→ **WHAT IS EXPECTED**
Beginning with the line that holds "Potato Chips Under" and finishing with the line that holds "Flexy Articulated T-Rex Skeleton", repeat the listing exactly, leaving every picture out.

→ **SUPPLIED RECORDS**

========================================

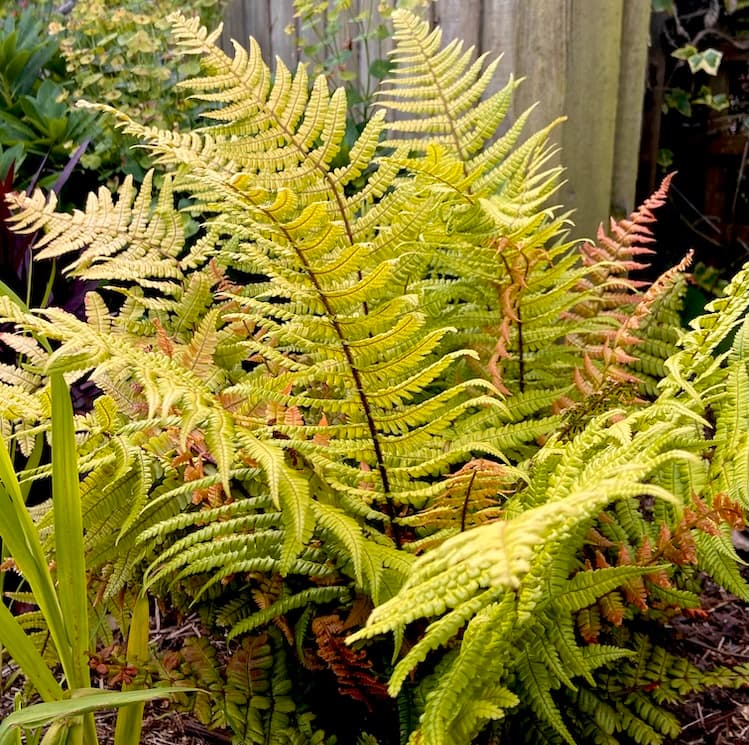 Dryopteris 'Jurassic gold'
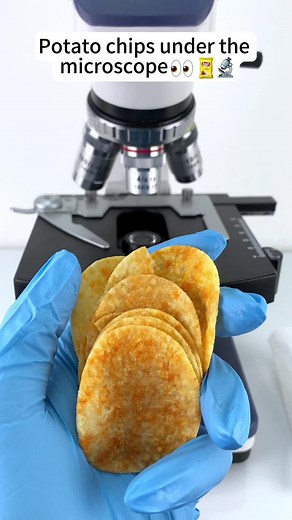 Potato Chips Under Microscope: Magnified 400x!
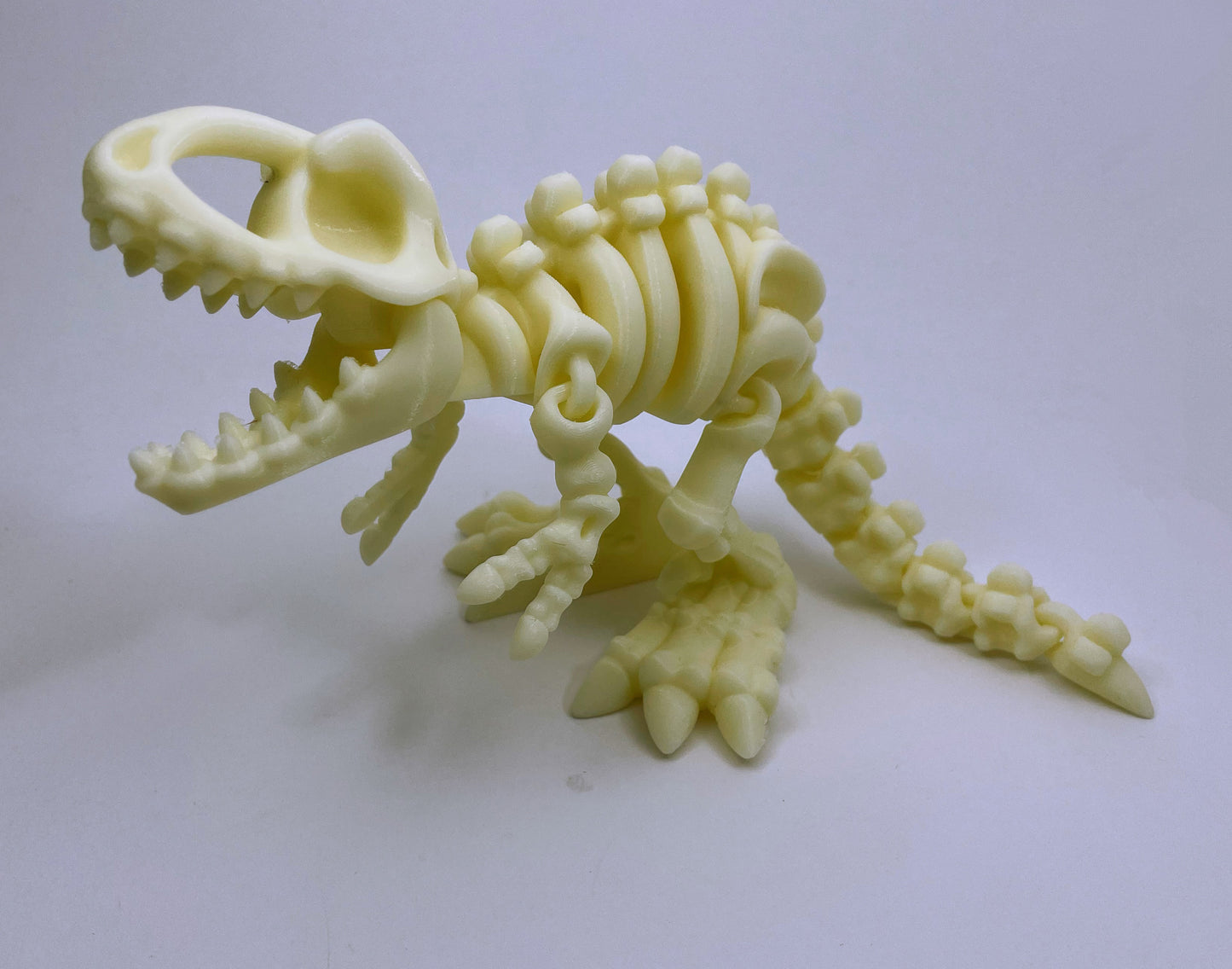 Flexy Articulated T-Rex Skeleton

========================================

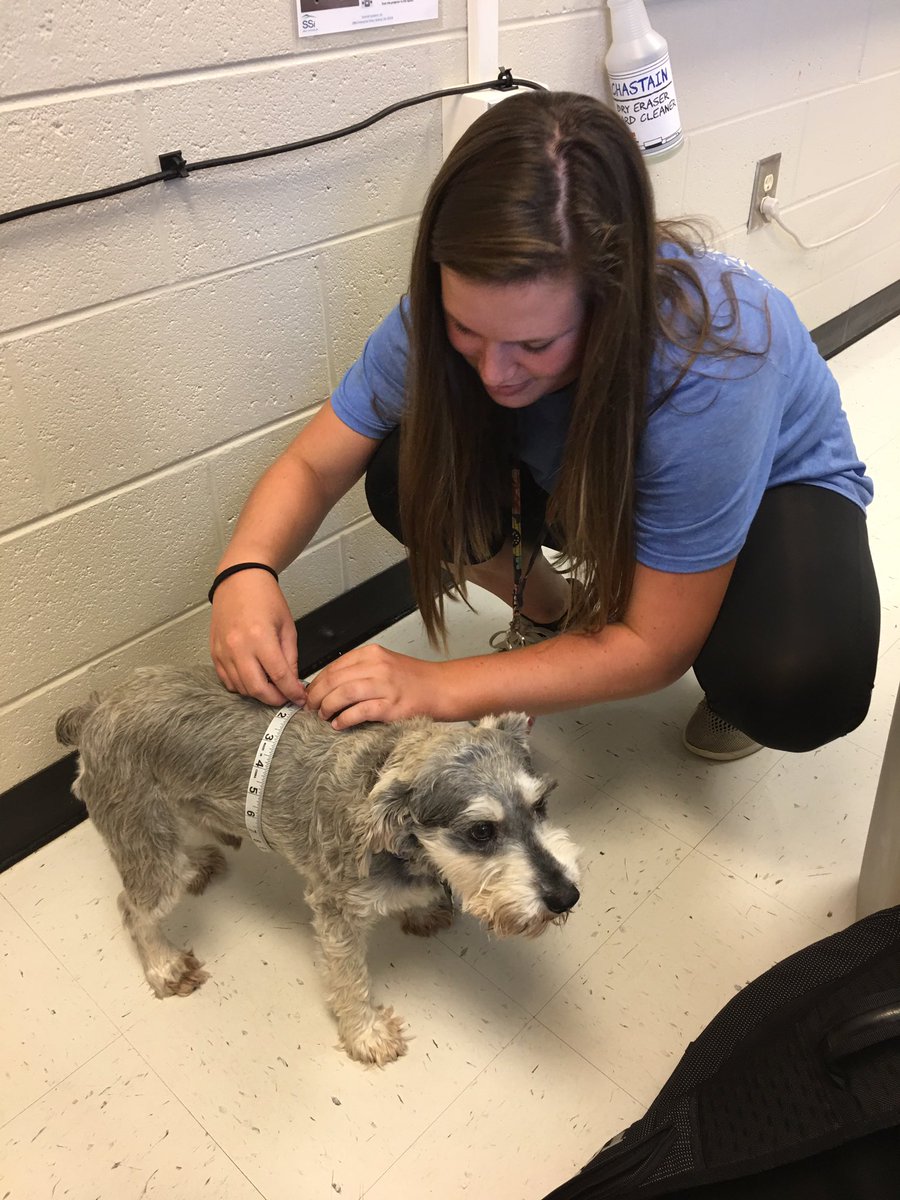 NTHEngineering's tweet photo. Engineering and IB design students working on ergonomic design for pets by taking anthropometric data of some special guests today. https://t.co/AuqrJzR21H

========================================

→ **TASK RESULT**
 Potato Chips Under Microscope: Magnified 400x!
 Flexy Articulated T-Rex Skeleton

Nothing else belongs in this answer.